::: Data in this exercise :::

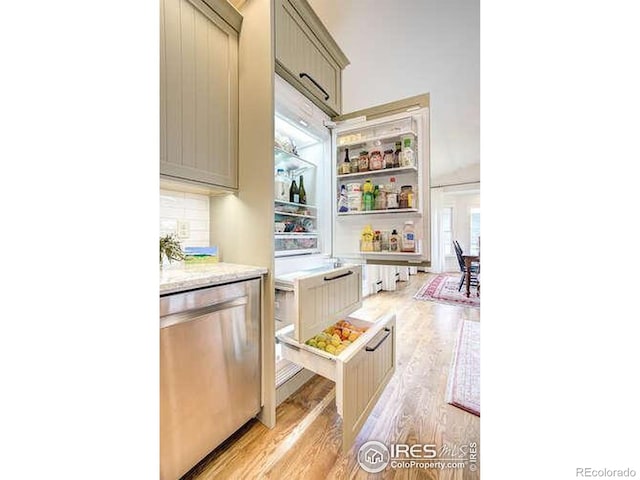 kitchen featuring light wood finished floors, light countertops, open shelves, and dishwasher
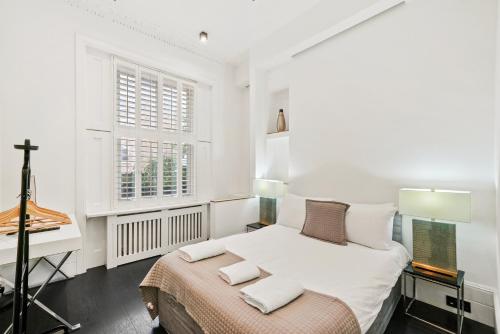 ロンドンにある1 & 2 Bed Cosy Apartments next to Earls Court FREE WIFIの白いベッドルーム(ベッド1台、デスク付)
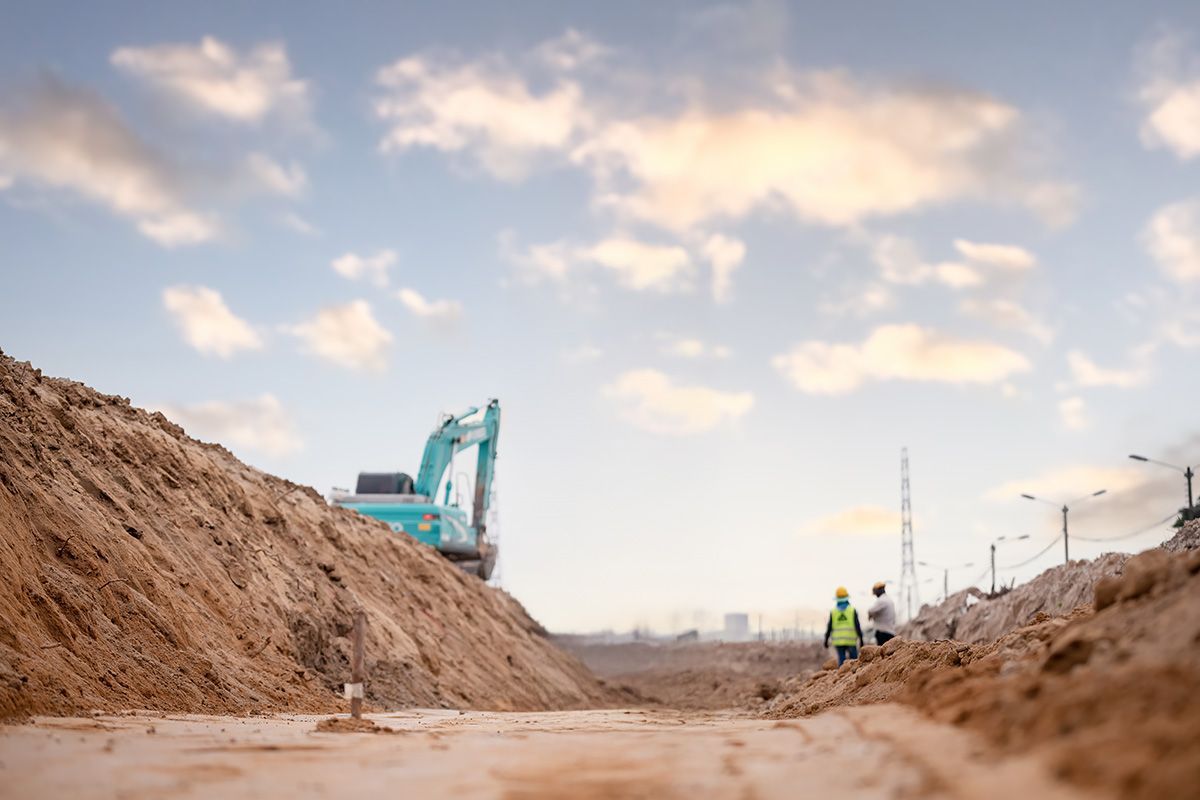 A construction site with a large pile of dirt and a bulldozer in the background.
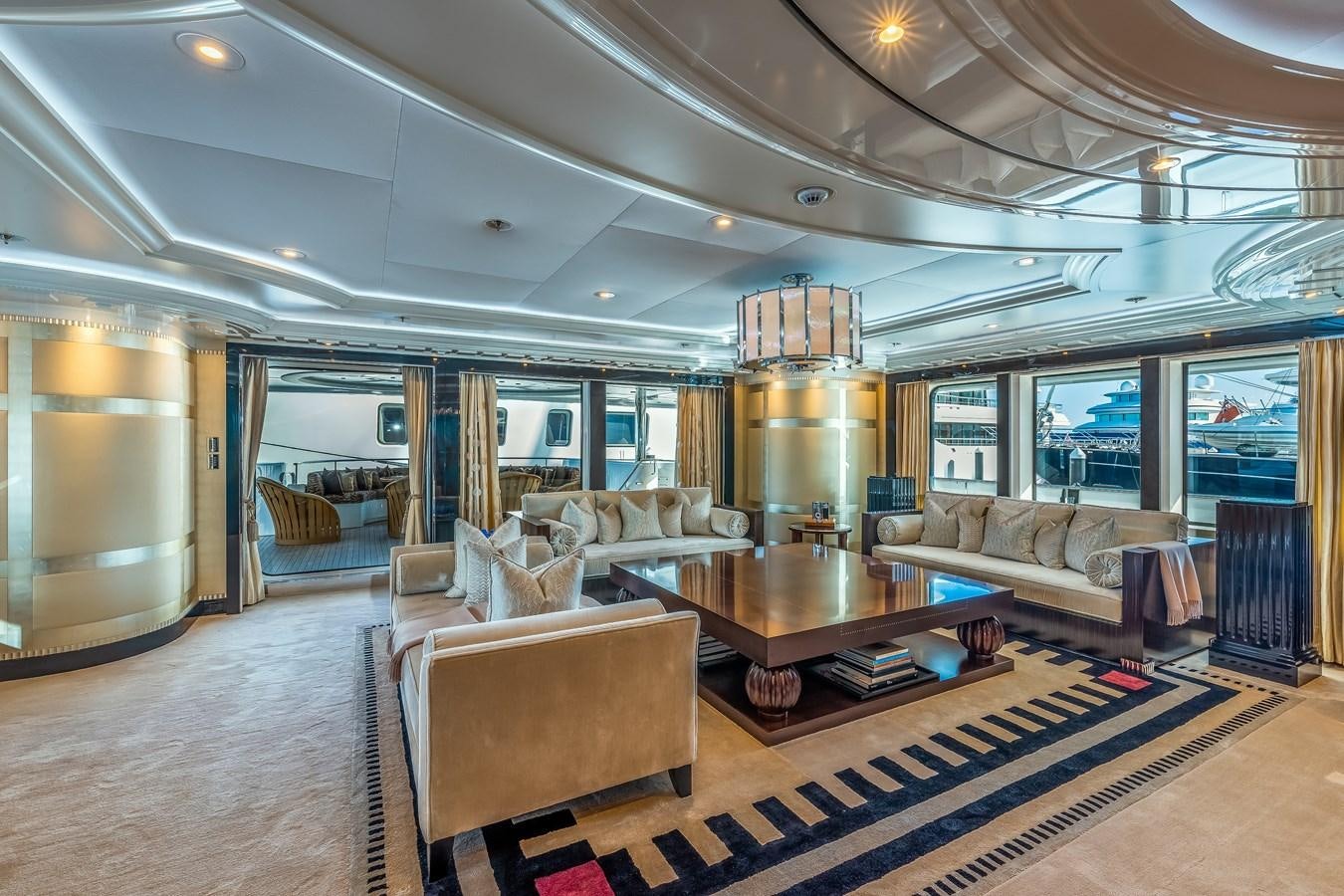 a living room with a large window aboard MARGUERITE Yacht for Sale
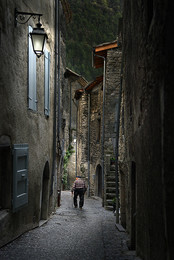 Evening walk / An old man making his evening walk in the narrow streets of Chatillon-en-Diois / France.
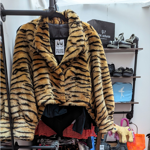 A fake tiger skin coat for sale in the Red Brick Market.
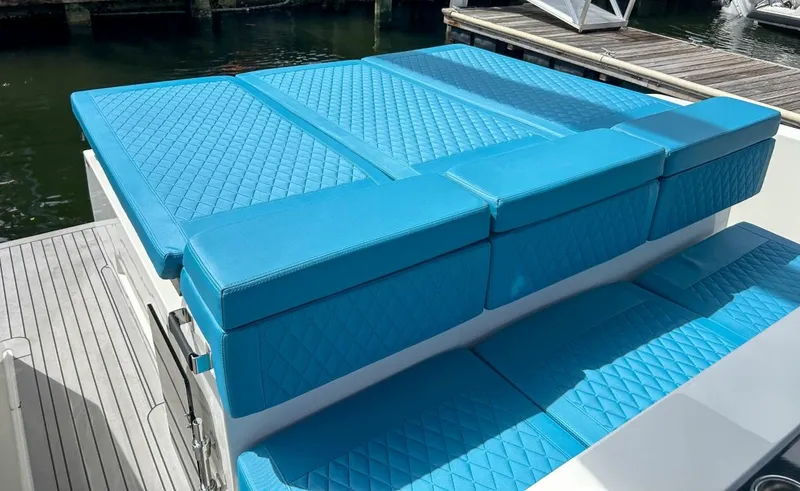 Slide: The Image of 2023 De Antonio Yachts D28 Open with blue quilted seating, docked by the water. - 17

:::
::: Data in this exercise :::

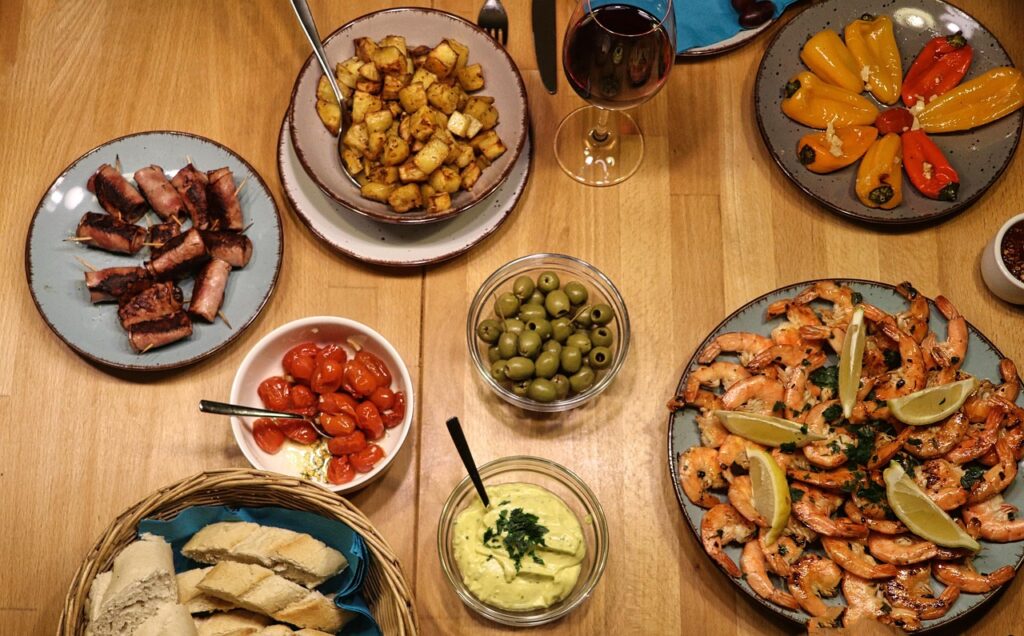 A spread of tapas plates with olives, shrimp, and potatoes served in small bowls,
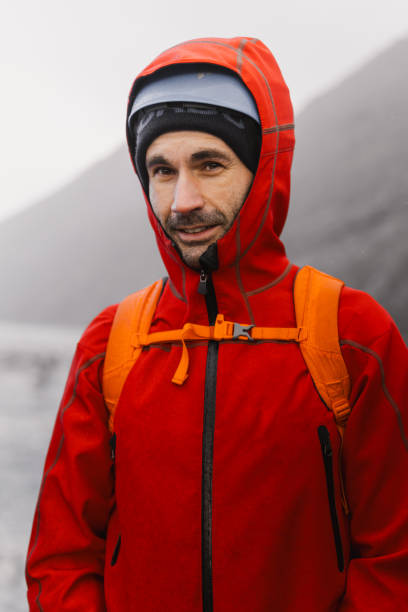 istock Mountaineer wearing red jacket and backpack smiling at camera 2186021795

:::

• [Required action]: Print from the line containing "kitchen featuring light" through the line containing "a living room" in the data above, exactly as the lines stand, and omit every picture.

• [Your response]:
 kitchen featuring light wood finished floors, light countertops, open shelves, and dishwasher
 ロンドンにある1 & 2 Bed Cosy Apartments next to Earls Court FREE WIFIの白いベッドルーム(ベッド1台、デスク付)
 A construction site with a large pile of dirt and a bulldozer in the background.
 a living room with a large window aboard MARGUERITE Yacht for Sale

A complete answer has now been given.